ROBERTO NOGUEIRA FERREIRA - Membro da Academia de Letras do Brasil, foi auditor fiscal de Minas Gerais. É autor de A reforma essencial
Reforma Tributária é expressão que, progressivamente, foi se perdendo nas últimas décadas até cair em descrédito. Até no meio empresarial, o discurso de uma reforma profunda, modernizante, estruturante foi substituído pela eloquência do silêncio de ganhos pontuais e subsídios que beneficiam alguns, desconsideram muitos e deixam uma conta a ser paga por todos, com raríssimas exceções.

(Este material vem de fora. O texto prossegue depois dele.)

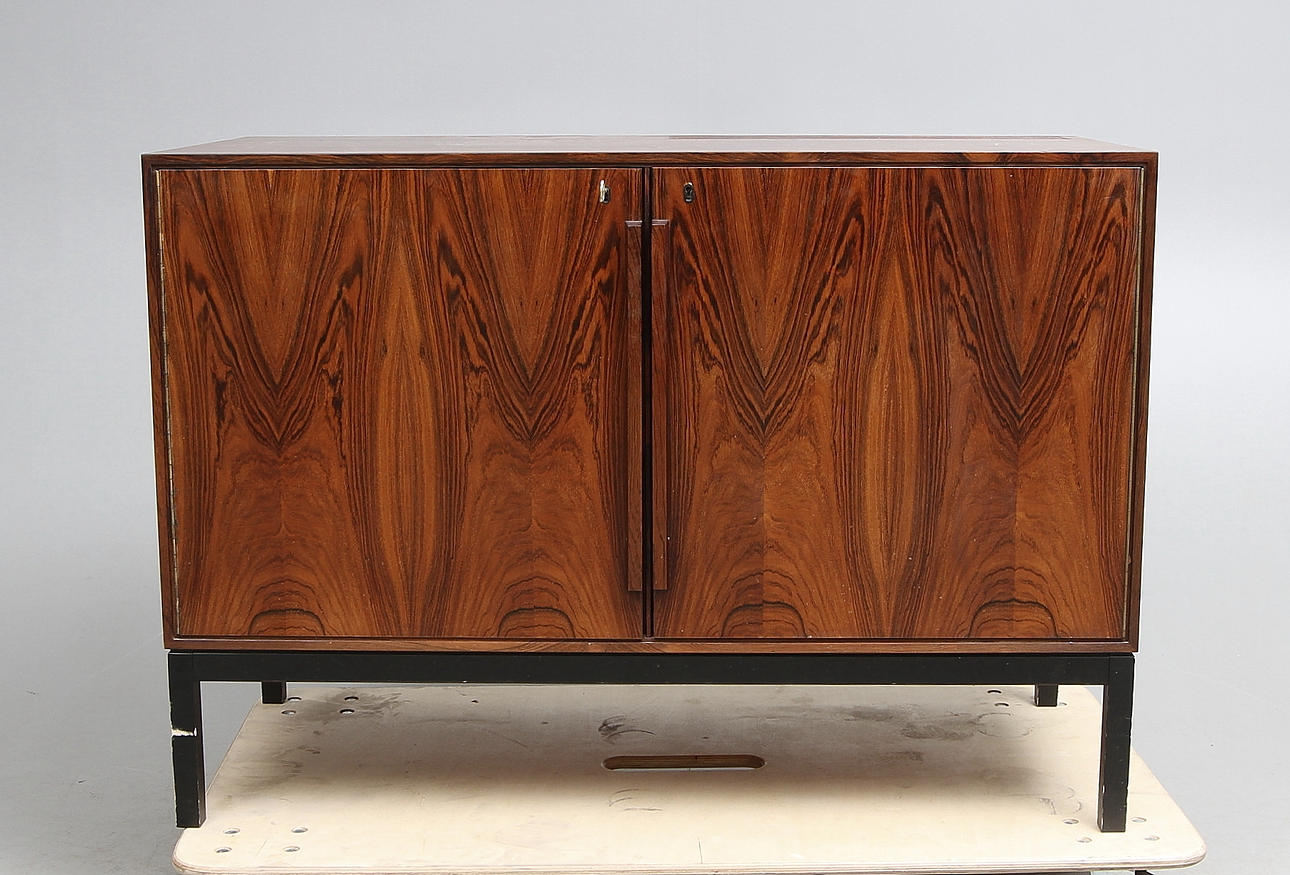 BARSKÅP MED KYLSKÅP, Sigvard Bernadotte & Achton Bjørn, Silkeborg Møbelfabrik.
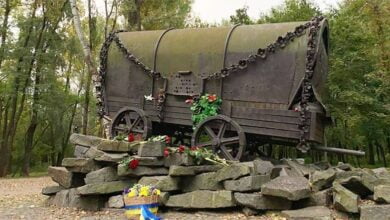 у Бабиному Яру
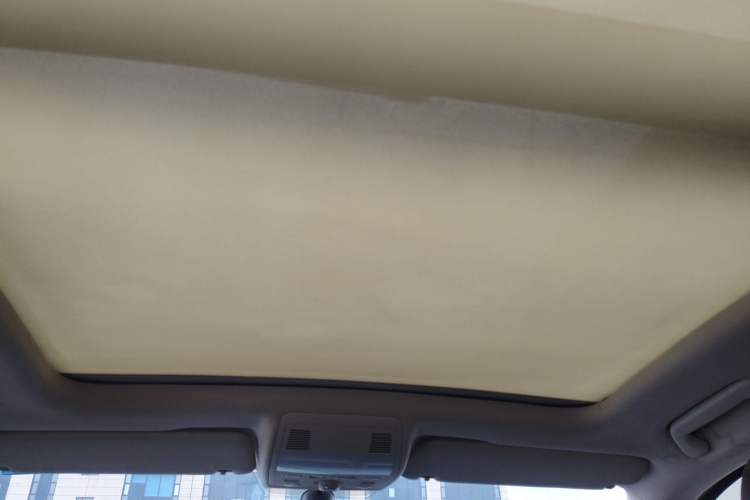Used Volkswagen Touareg 2011 3.0 TSI High-End Version Headliner
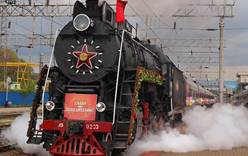 Музейный экспонат ретро-поезд «Победа» направляется из Ростова-на-Дону на Кавказ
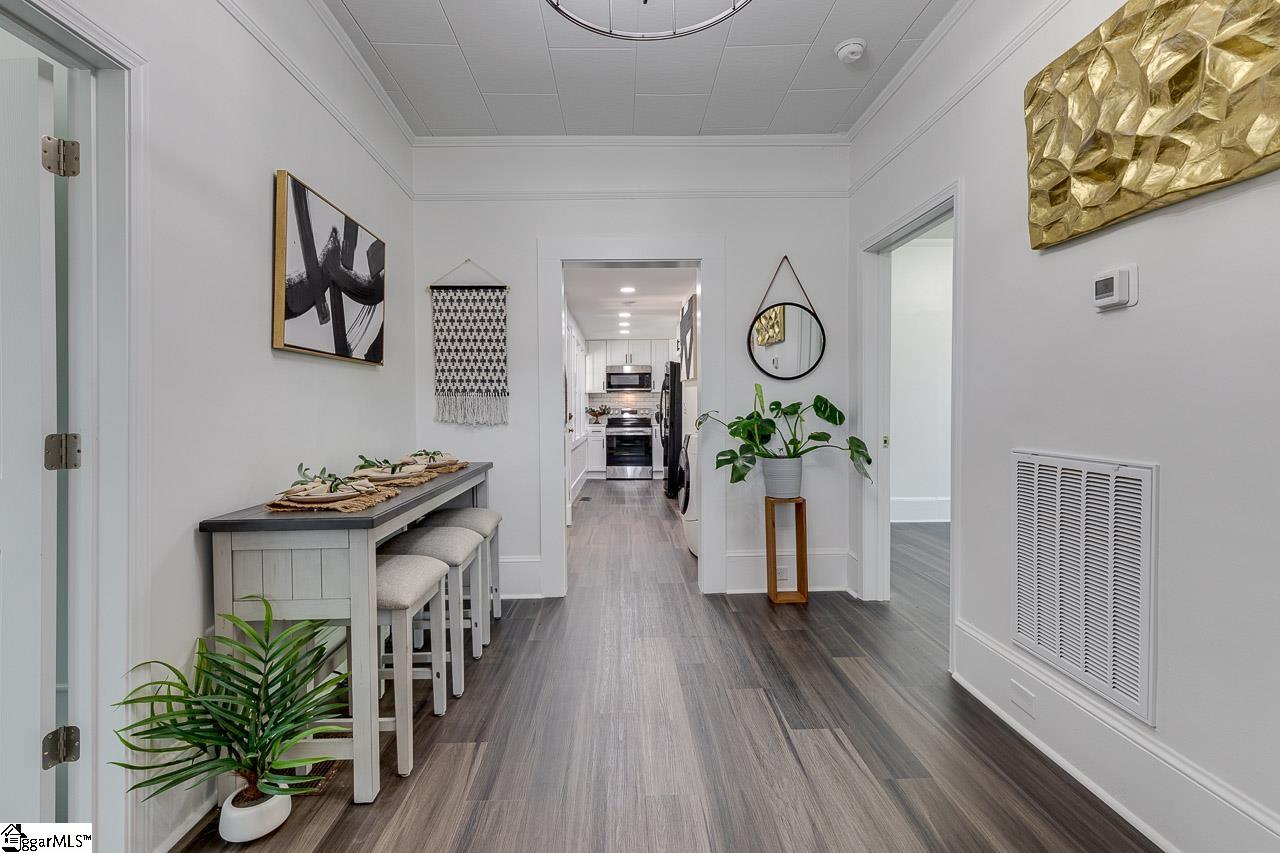 100 Wakefield Street Greenville, SC 29601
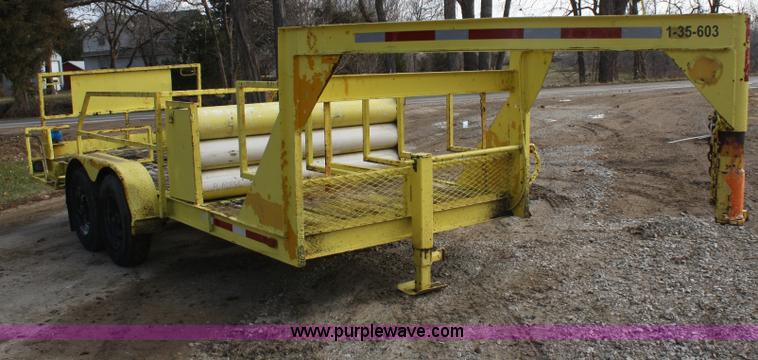 image for item A6606 1993 tandem axle gooseneck trailer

Permeando essa realidade, o avanço tecnológico pôs fim às fronteiras geográficas para o bem e para o mal. Sem sair de casa, é possível comprar em qualquer parte do mundo. E os tributos? No caso, pode-se dizer que os tributos são apenas um detalhe. Redes atacadistas e varejistas nacionais reclamam, com razão, desse passeio internacional não tributado. Mas elas também invadem o espaço interno a partir de suas bases, alcançam todo o país, impondo derrotas aos pequenos e médios comerciantes locais. E os tributos? No caso, também, continuam a ser meros detalhes.
A questão que se impõe é saber se a PEC 110 (reforma tributária), em estágio avançado no Senado Federal, responde adequadamente aos anseios do país. Segundo o seu relator, o pressuposto básico da proposta é a manutenção da atual carga tributária. Certamente não é isso que a sociedade (empresas e cidadãos) quer e requer.
Saiba Mais
A PEC 110 é farta em fusão de tributos. O ICMS (estadual) se funde com o ISS (municipal). As contribuições PIS e Cofins (ambas federais) se fundem. O IPI desaparece, mas sua receita será recuperada no bojo da Contribuição resultante da fusão de PIS e Cofins. Essas fusões são mera redução do número de tributos. Não resultam em melhoria da qualidade sistêmica, em redução de carga tributária e em simplificação. Em todos esses casos, a elevação da carga tributária — sobretudo para o setor de serviços — é inevitável.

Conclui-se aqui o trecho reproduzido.